Five piston-driven arms plunged through the monster’s feathers and deep into its body, locking it into position. Then a huge drill whirred to life and started grinding down through the vulture’s back.
Tomas blinked back to the cover of nearby trees as the vulture howled and writhed, spinning and jumping, tearing up the ground and sending boulders tumbling away. Its sonic attack shook trees and echoed painfully from the mountains, but it was not focused so did little more than make his ears ring. Despite its wild gyrating, it could not unseat the construct that kept drilling deeper into its core.
Jane planted a fierce kiss on his lips, then stepped around the tree. Her aura flared with power and she flung out her hands. Tomas recognized the sound and feel of her powerful Scouring Storm spell.
The psychic storm swirled around the vulture’s big head, invisible razors of mental power ripping and tearing like the beast had donned a thorn cyclone hat. It screeched again, vainly trying to shake off the attack as blood fountained around it. Eyes exploded under the barrage, and it shrieked again, this time so loud, Tomas had to clutch the nearby tree to keep from pitching over.
Then the drill methodically driving into the beast’s back reached its heart, and the vulture convulsed a final time, then collapsed to the ground.
Congratulations, Tomas! Your party has defeated Colossus Vulture. Bonus experience gained for defeating a more powerful elite rare enemy. You have reached level 39. Stat points allocated.
Tomas pumped a fist into the air. “Got a level!”
“Me too. Now that’s the way to end a training montage!” Jane laughed, pulling Tomas into a fierce embrace. She’d pushed her Phoenix Force Aura hard, and her emotions were written large across her features as her eyes glowed brightly with her still-active power.

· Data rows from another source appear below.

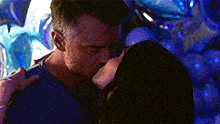 a man and woman are kissing in front of a bunch of blue balloons .
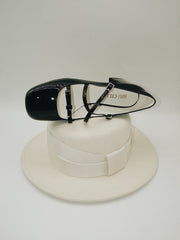 Black patent leather Mary Jane heels with triple straps, block heel, and bow detail.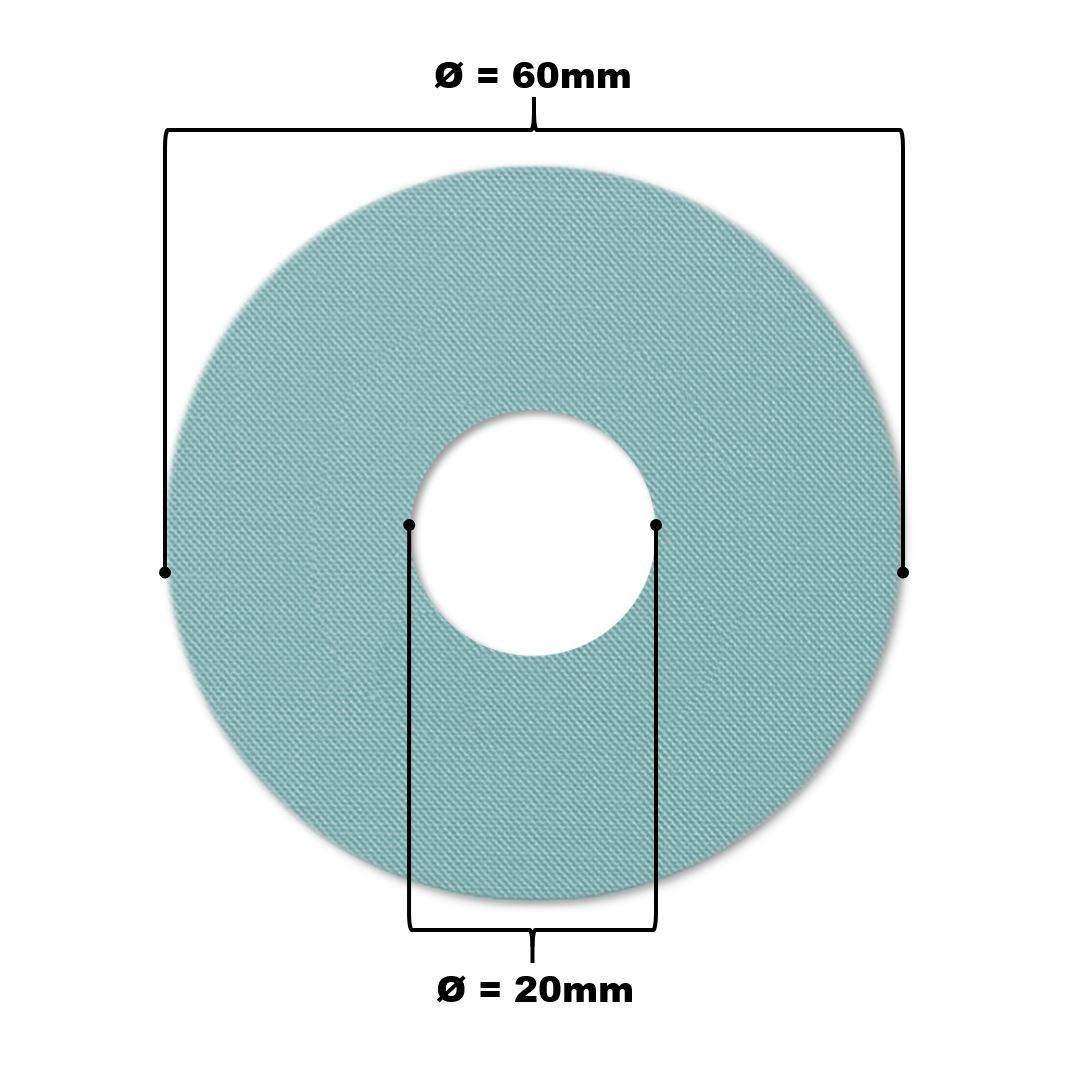 Hellblauer Katheterpatch mit zentralem Loch. Durchmesser 60mm, Loch 20mm. Gewebte Textur.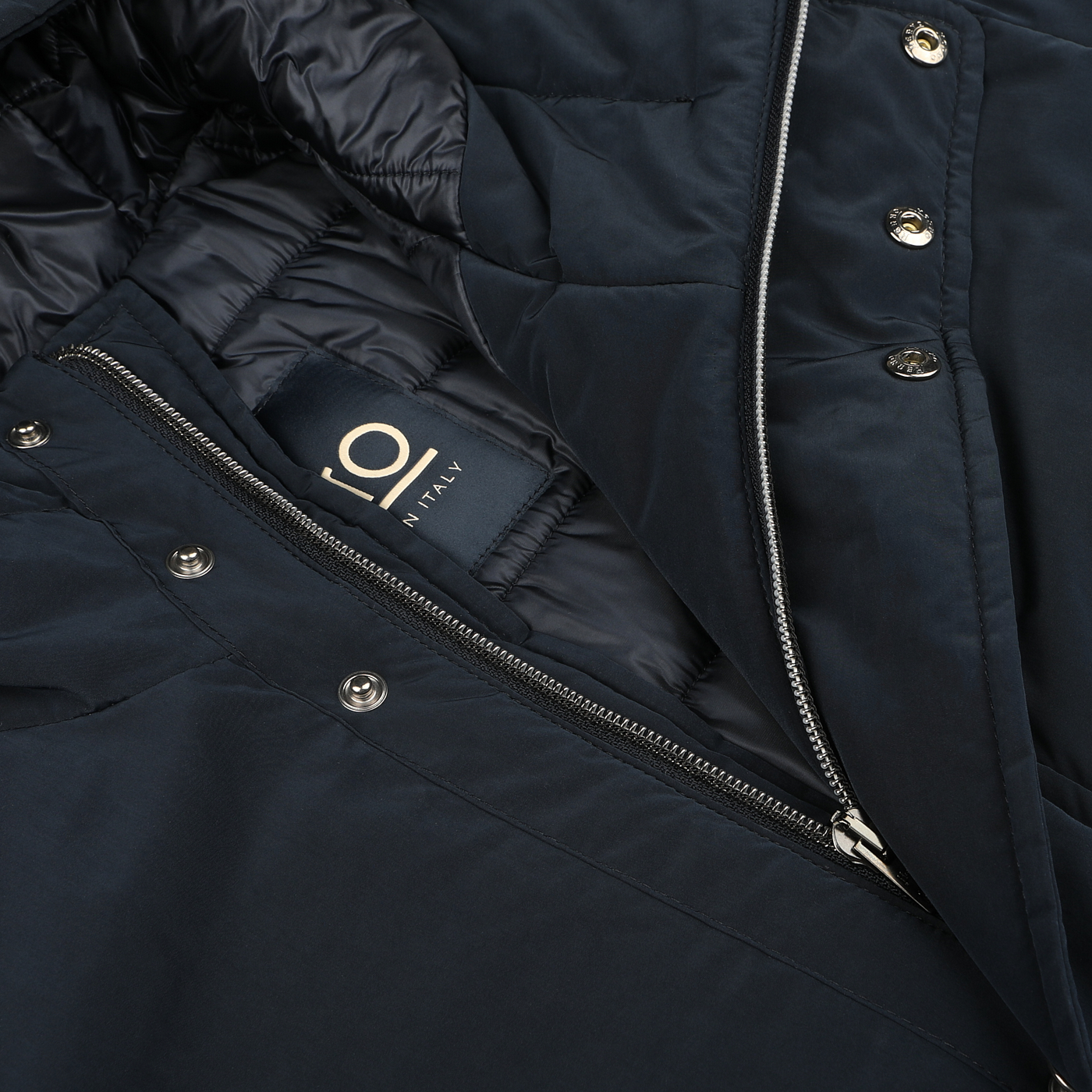 Close-up of a Herno Dark Blue Nylon Technical Padded Jacket with a partially unzipped front, revealing the interior and a label indicating "Made in Italy.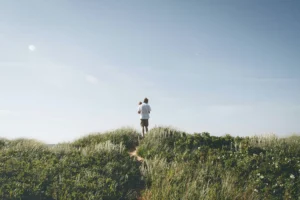 father holding his son in a field of grass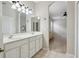 Ensuite bath featuring dual sinks, generous counter space, and a seamless transition to the main bedroom at 1022 Saint Ives Ct, Mount Dora, FL 32757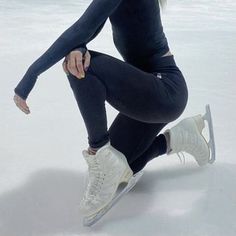 a woman in black shirt and leggings skating on ice rink with her hands behind her back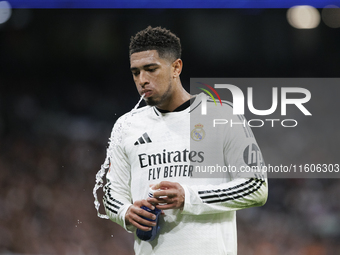 Jude Bellingham of Real Madrid spits during the La Liga 2024/25 match between Real Madrid and Alaves at Santiago Bernabeu Stadium in Madrid,...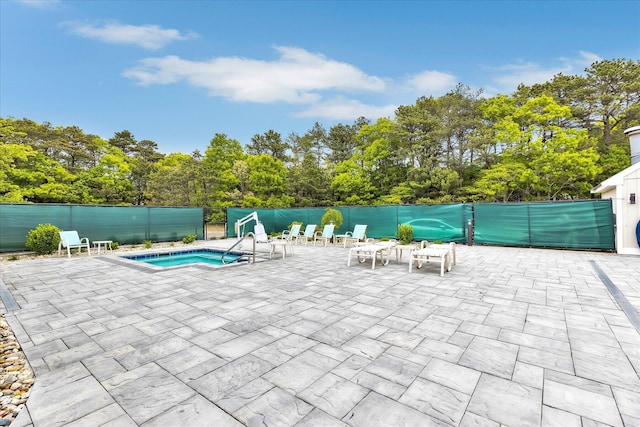 17 Chadwick Ct, Mashpee, MA 02649 - view of pool featuring a patio, view of wooded area, and an in-ground hot tub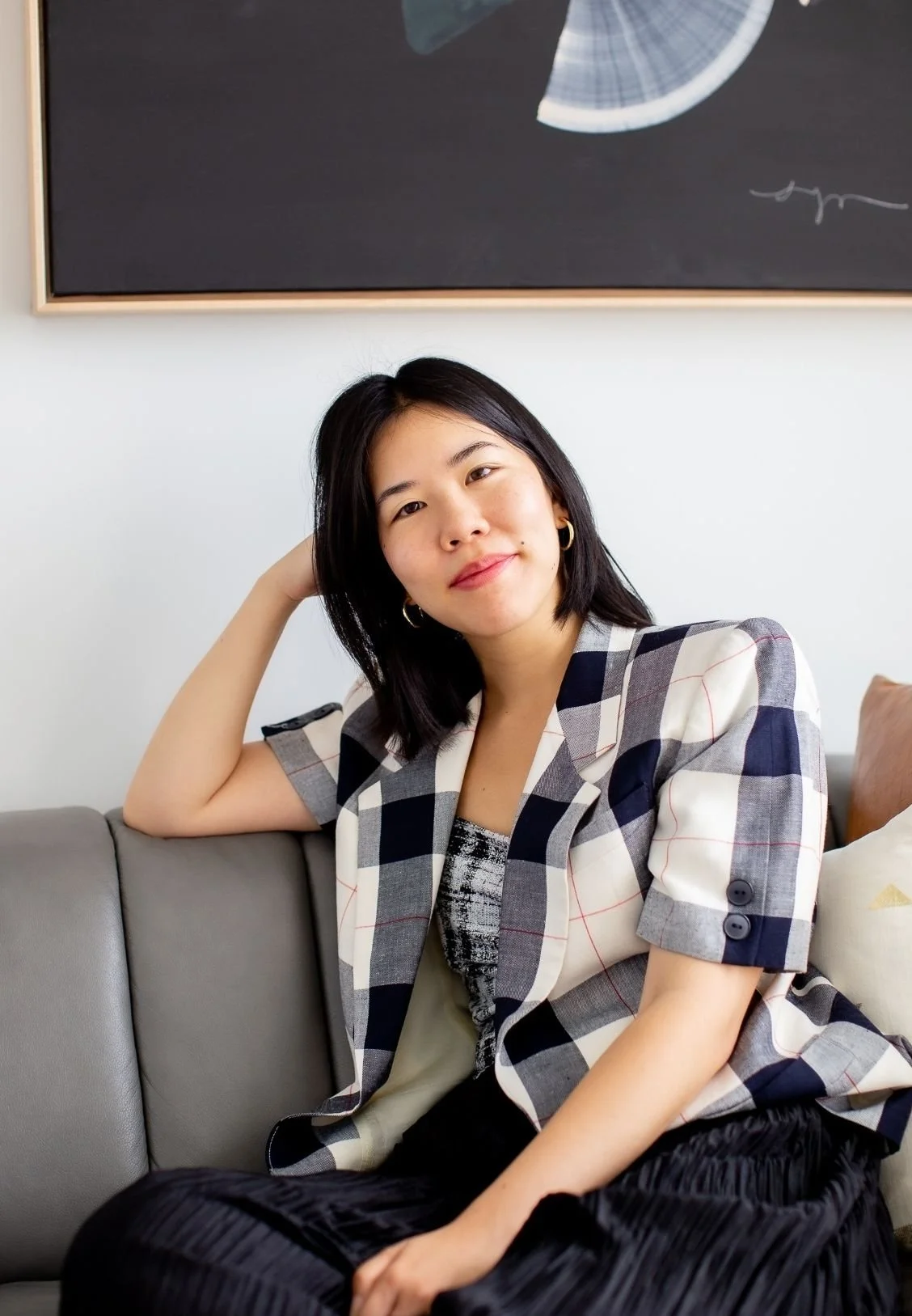 Shawn Li, Online Therapist in New York City, with shoulder-length black hair sitting on a gray sofa, wearing a black and white checkered blazer, smiling at the camera with her right hand resting behind her head, in a room with art hanging behind her.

“Jane, turn it off,” Tomas urged, voice soothing. Her aura was mighty, but it set her emotions to boiling.
Instead, she made a gesture and her Base Camp tent materialized next to them. She gave him a fierce look and growled, “Not yet, Tomas. We’ve got celebrating to do.”
He barely had time to activate Loot before she literally hauled him off his feet and carried him into the tent. He got some enticing options from Adjustable Loot, but selected one at random. He was too busy with Jane, whose passion had been driven up to near-berserker levels by her aura.
At least this time it was love-fueled passion that was riled up. Dealing with overclocked rage had been so much worse. For passion, the best way to help her regain control was to lose control together for a little while first. Tomas regained his feet in time for Jane to leap into his arms. Even as she tore at his clothes, he staggered into the bedroom.